#### What you have to do:
Reproduce the listing below from the line with "VFD2A8ME21ANNAA 리퍼된 인버터 0.4kW 리퍼 기능 OK" to the line with "photos 4 2021", both lines included, character for character, minus any pictures.

#### Working data:
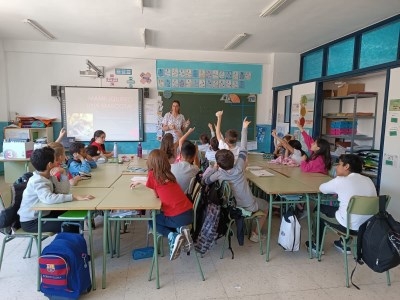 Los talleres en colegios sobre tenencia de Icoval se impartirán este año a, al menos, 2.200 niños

---

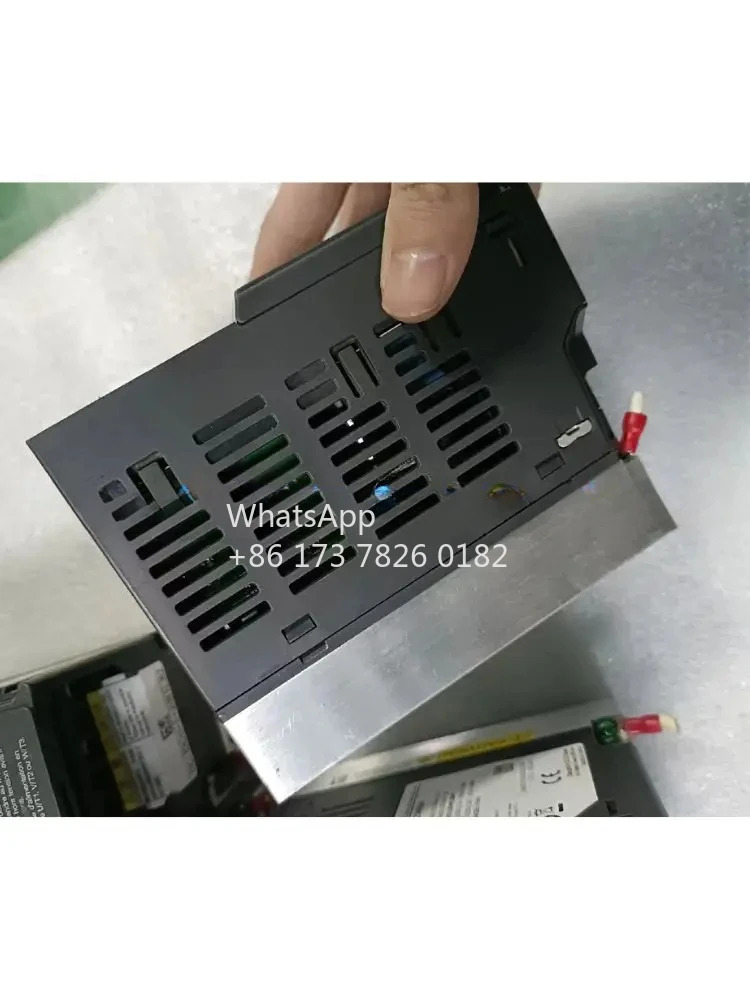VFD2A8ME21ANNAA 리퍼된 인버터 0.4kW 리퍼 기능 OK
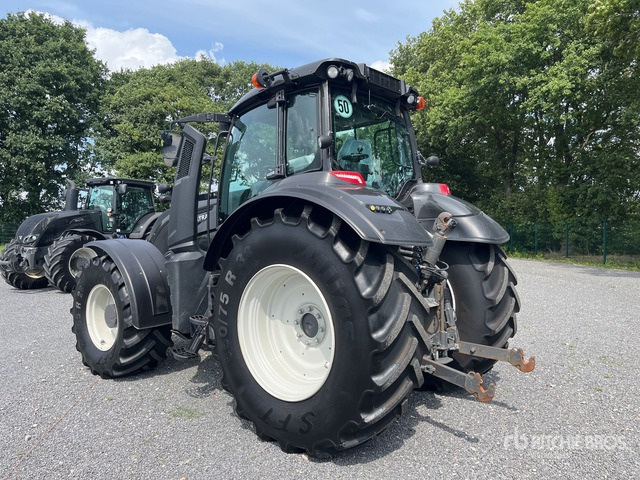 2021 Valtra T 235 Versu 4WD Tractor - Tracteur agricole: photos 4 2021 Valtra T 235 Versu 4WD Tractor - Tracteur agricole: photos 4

#### Problem solution:
VFD2A8ME21ANNAA 리퍼된 인버터 0.4kW 리퍼 기능 OK
 2021 Valtra T 235 Versu 4WD Tractor - Tracteur agricole: photos 4 2021 Valtra T 235 Versu 4WD Tractor - Tracteur agricole: photos 4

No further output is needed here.